GIVEN DATA |

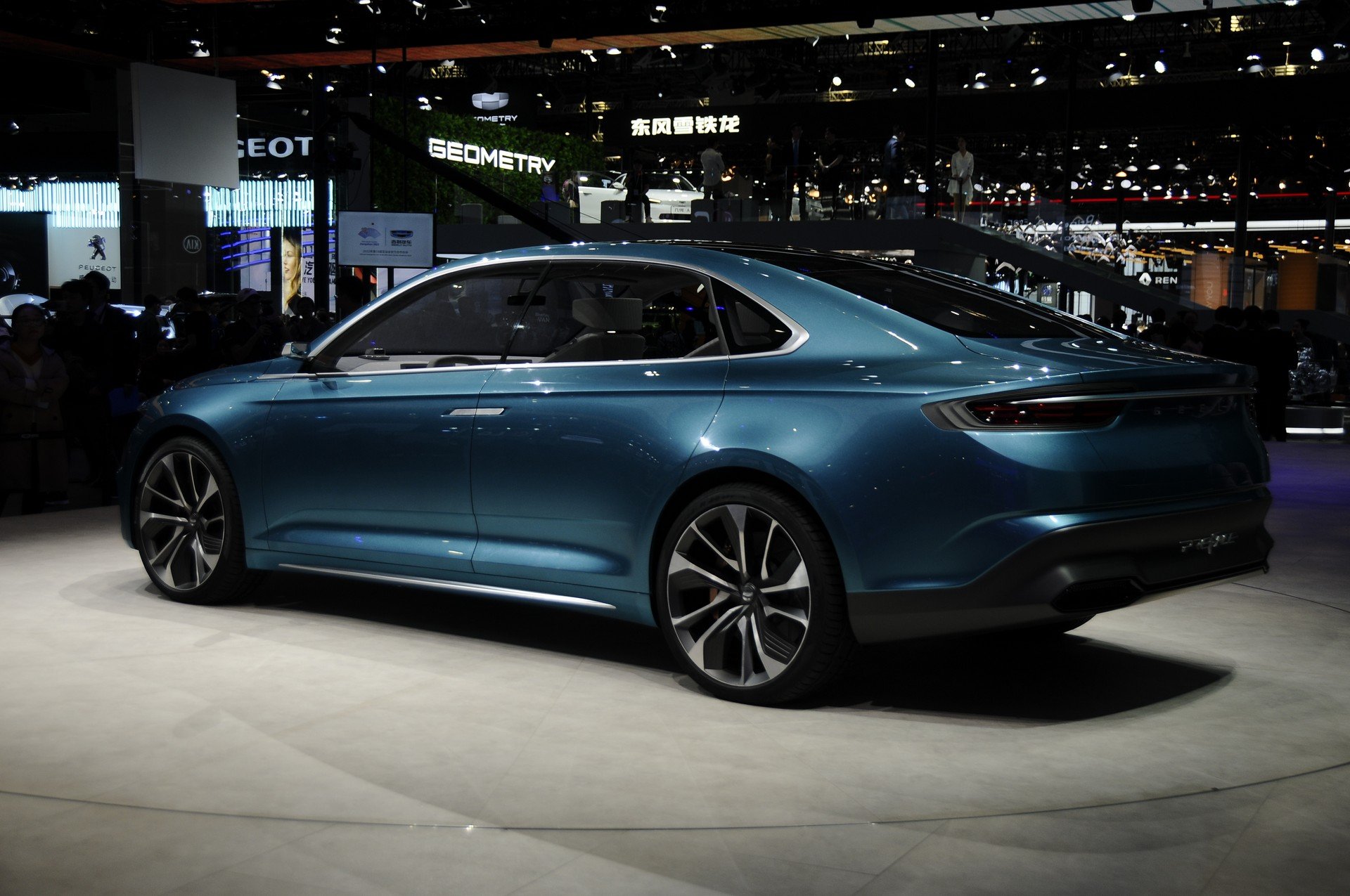 Volvo geely cma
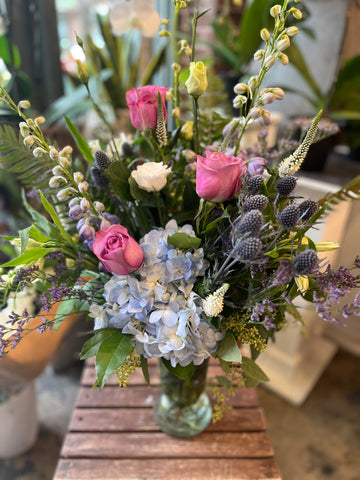 “The Pavilion” Vase Arrangement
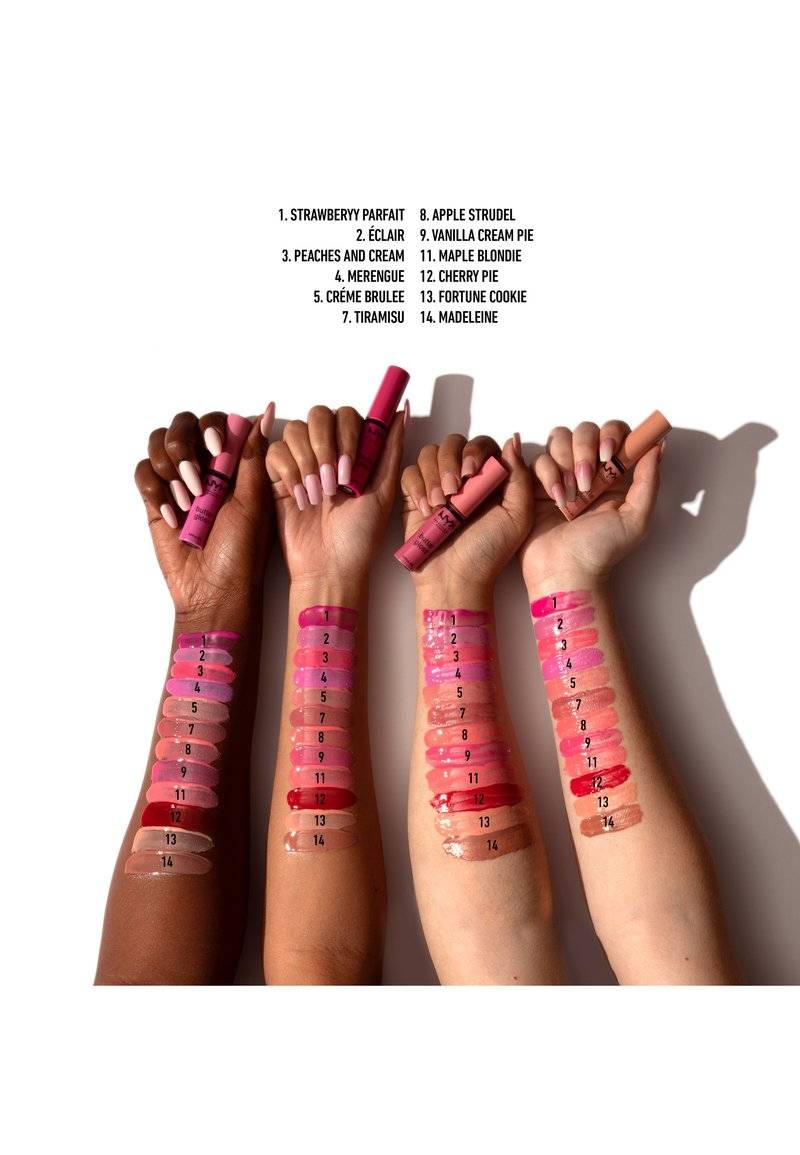 NYX Professional Makeup NYX Professional Makeup BUTTER GLOSS - Lip gloss - Fortune Cookie Limitierter Zeitrabatt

EXERCISE INSTRUCTIONS | Make an exact copy of the listing above. Its pictures are not needed.

ANSWER TO THE PROBLEM |
 Volvo geely cma
 “The Pavilion” Vase Arrangement
 NYX Professional Makeup NYX Professional Makeup BUTTER GLOSS - Lip gloss - Fortune Cookie Limitierter Zeitrabatt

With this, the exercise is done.